» Supplied records:
- - - - - - -

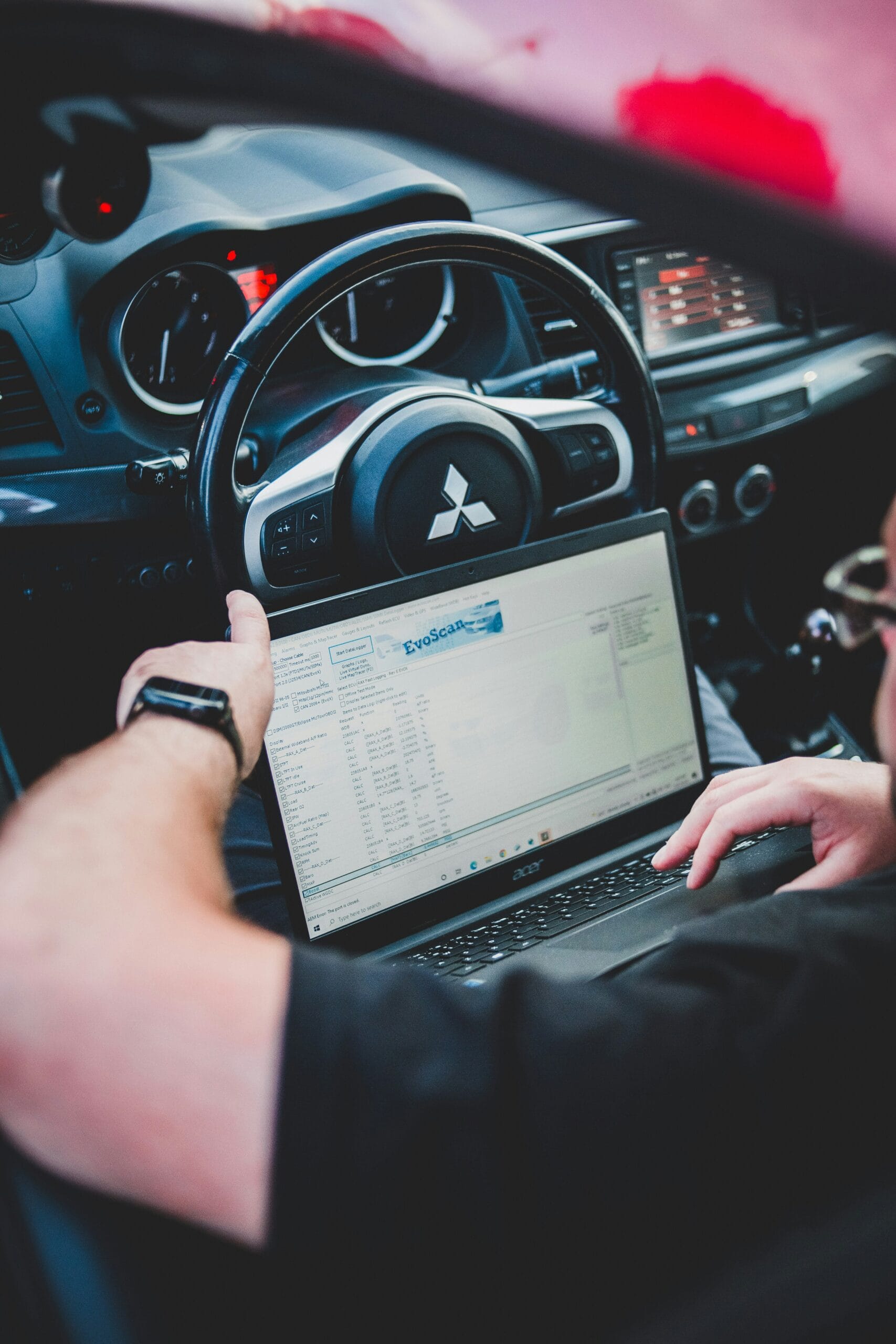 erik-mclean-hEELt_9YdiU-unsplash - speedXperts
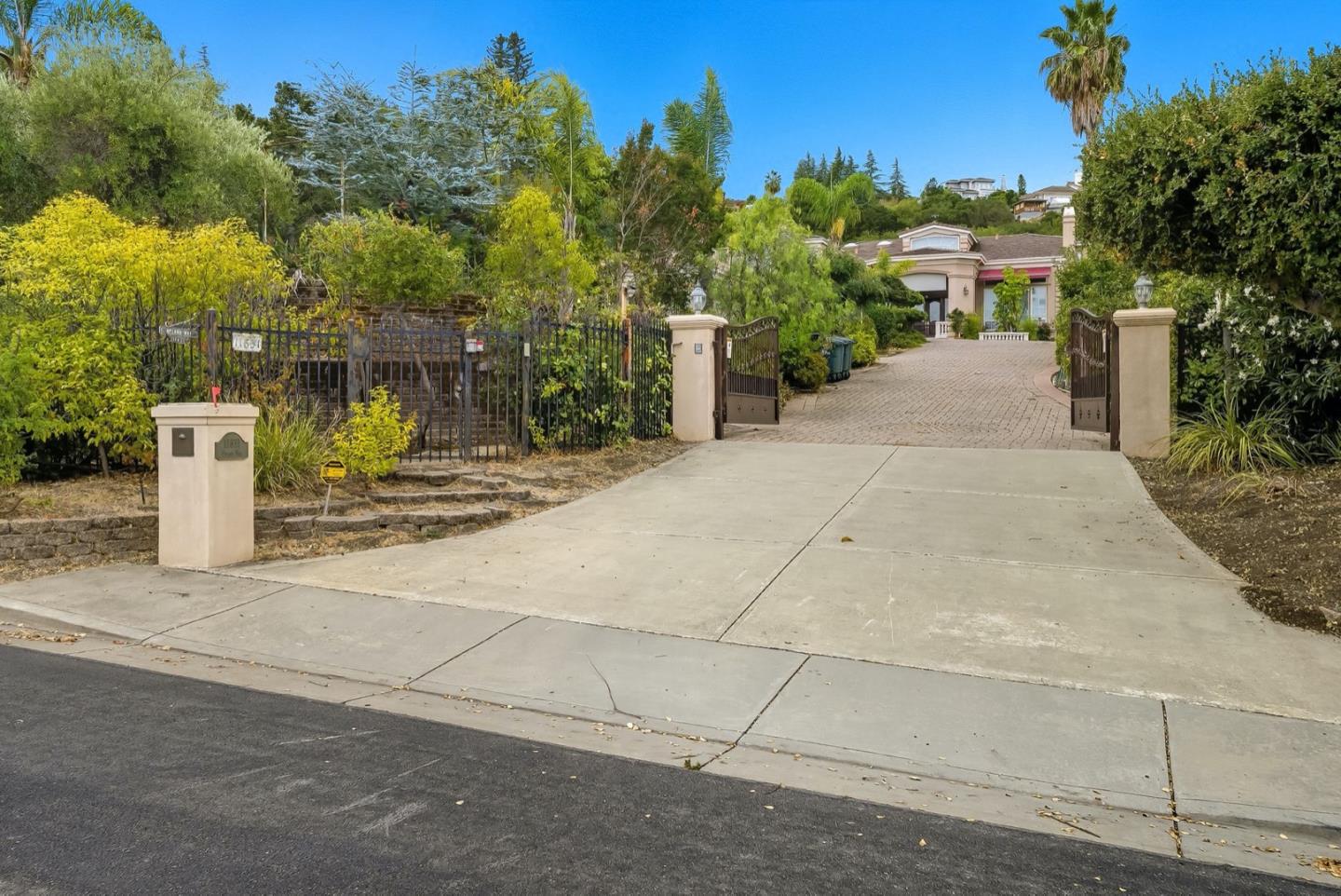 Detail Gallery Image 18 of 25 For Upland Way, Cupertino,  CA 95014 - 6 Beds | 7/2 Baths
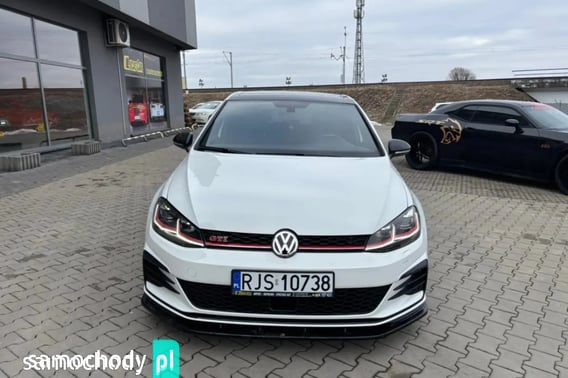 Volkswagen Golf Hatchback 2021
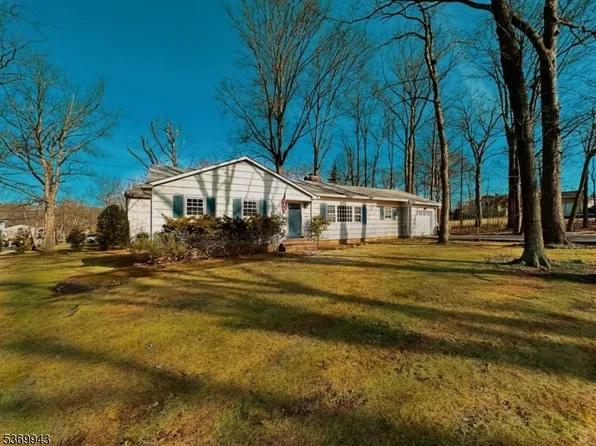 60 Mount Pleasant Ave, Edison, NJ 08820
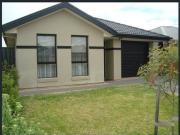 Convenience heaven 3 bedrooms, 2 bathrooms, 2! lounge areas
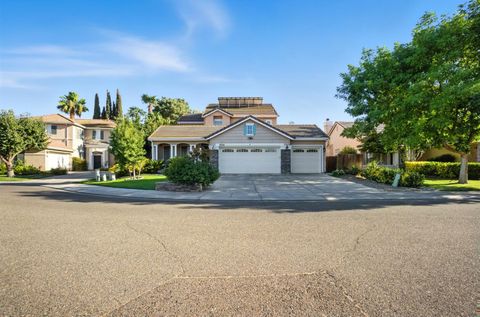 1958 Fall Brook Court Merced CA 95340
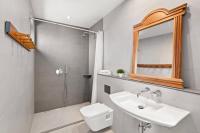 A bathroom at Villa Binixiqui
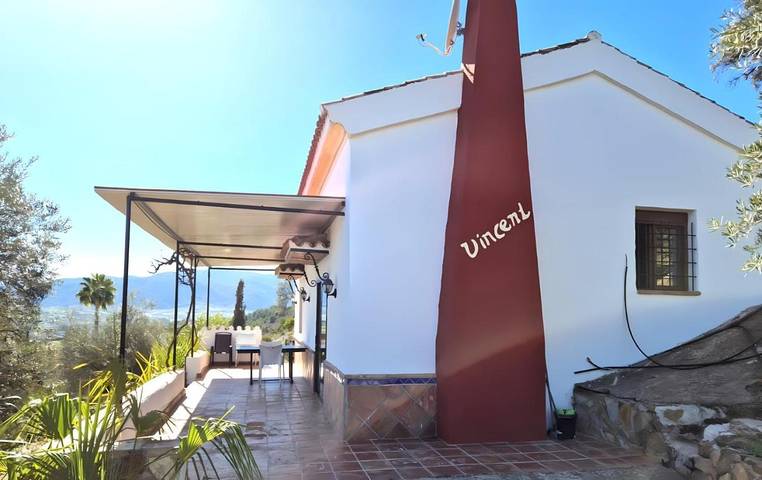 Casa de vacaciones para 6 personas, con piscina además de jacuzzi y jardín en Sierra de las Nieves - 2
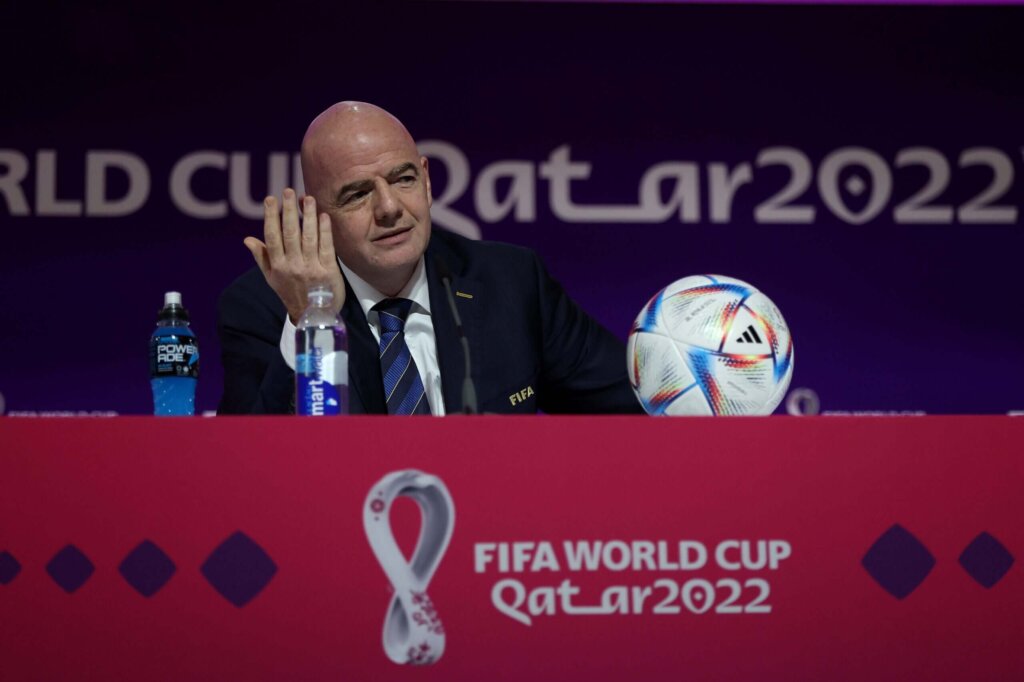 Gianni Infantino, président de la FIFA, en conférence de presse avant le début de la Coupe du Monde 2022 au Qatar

- - - - - - -

» What this task involves: Your reply should give again exactly the lines from the one with "Convenience heaven 3" through the last line of the data, with both ends included and pictures left out.

» Your response:
 Convenience heaven 3 bedrooms, 2 bathrooms, 2! lounge areas
 1958 Fall Brook Court Merced CA 95340
 A bathroom at Villa Binixiqui
 Casa de vacaciones para 6 personas, con piscina además de jacuzzi y jardín en Sierra de las Nieves - 2
 Gianni Infantino, président de la FIFA, en conférence de presse avant le début de la Coupe du Monde 2022 au Qatar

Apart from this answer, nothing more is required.